Die neuen Berufe ersetzen jedoch nicht die klassische Banklehre, betonen die Ausbildungsverantwortlichen unisono. Vielmehr gibt es weiterhin einen hohen Bedarf an Bankkaufleuten. „Unser Kerngeschäft ist es, den Kundinnen und Kunden eine qualitativ hochwertige Beratung zu bieten. Und dafür benötigen wir top ausgebildete Nachwuchskräfte, die die Banklehre durchlaufen haben“, sagt etwa Susanne Roth von der Raiffeisenbank Main-Spessart. Die fertig ausgebildeten Fachinformatiker sowie Experten für Dialogmarketing oder Marketingkommunikation übernehmen hingegen vor allem Spezialaufgaben in der IT, im KDC oder im Vertrieb. „Dadurch können wir uns als attraktiver und moderner Arbeitgeber für verschiedene Tätigkeiten präsentieren und gute Nachwuchskräfte in allen für die Bank relevanten Bereichen rekrutieren“, betont Roth.
Angebote der ABG
Die ABG unterstützt die bayerischen Volksbanken und Raiffeisenbanken mit speziellen Angeboten für Auszubildende, die nicht die klassische Banklehre durchlaufen. Ein Überblick:
- Das Seminar „Basiswissen des Bankgeschäfts“ richtet sich an Angestellte ohne Bankausbildung, Wiedereinsteiger und weitere Ausbildungsberufe. Die Teilnehmerinnen und Teilnehmer erhalten einen fundierten Überblick über die wesentlichen Geschäftsfelder einer Genossenschaftsbank und ein Gespür für das aktuelle Marktumfeld.
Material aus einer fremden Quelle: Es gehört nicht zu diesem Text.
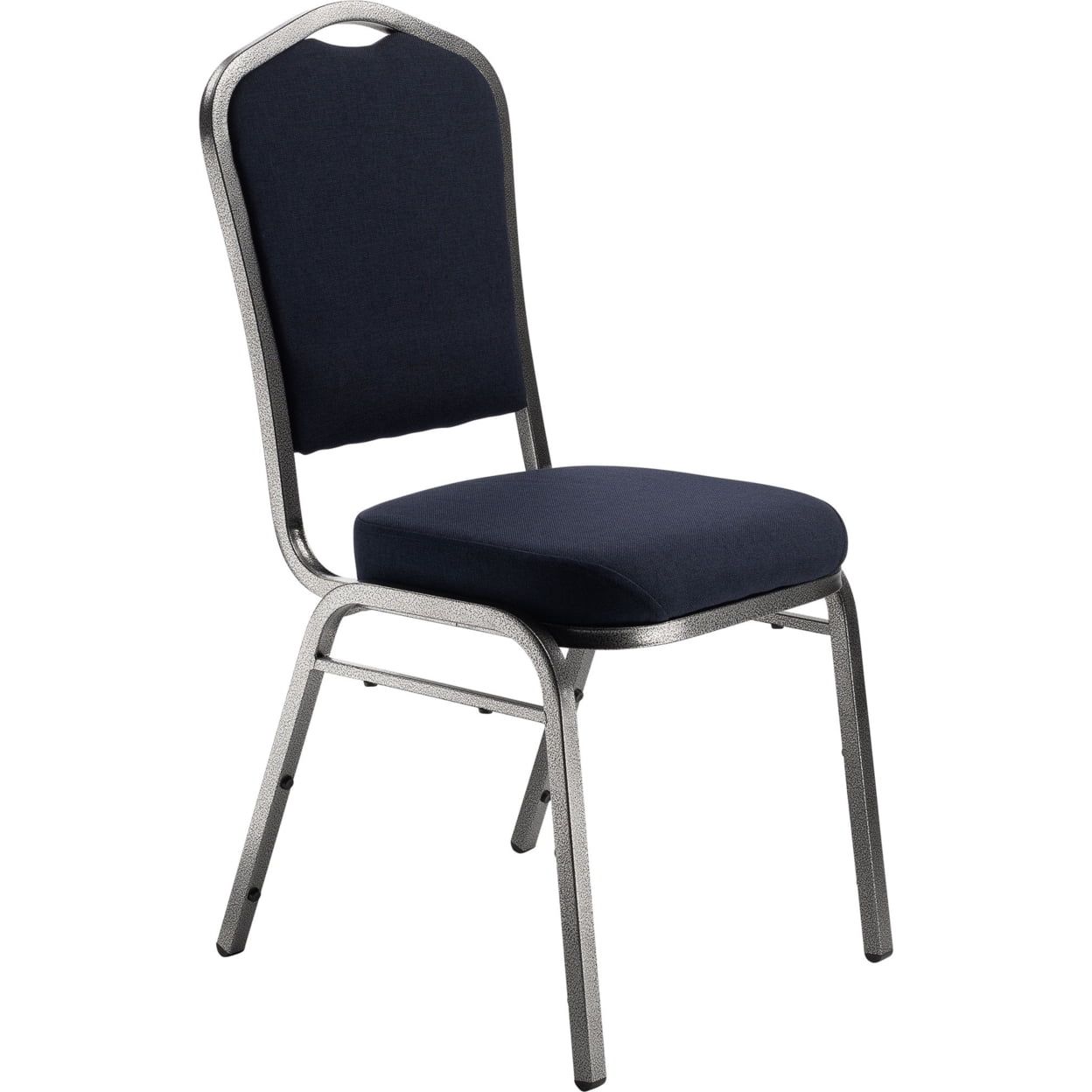 Midnight Blue Deluxe Fabric Stacking Chair with Silvervein Frame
- Vor allem für Bankkaufleute, Informatikkaufleute beziehungsweise Kaufleute für Digitalisierungsmanagement sowie Kaufleute für E-Commerce ist das Seminar „Grundlagen Projektmanagement“ interessant. Vermittelt wird individualisiertes Projektmanagement Know-how mit dem Ziel, interne Projekte erfolgreich durchzuführen. Weitere Angebote in diesem Bereich sind das Seminar „Projektmanagement kompakt“, das sich an Fachinformatiker sowie Kaufleute für Dialogmarketing richtet sowie das Seminar „Projektpräsentation“, welches sich für Fachinformatiker, Informatikkaufleute beziehungsweise Kaufleute für Digitalisierungsmanagement sowie Kaufleute für E-Commerce eignet.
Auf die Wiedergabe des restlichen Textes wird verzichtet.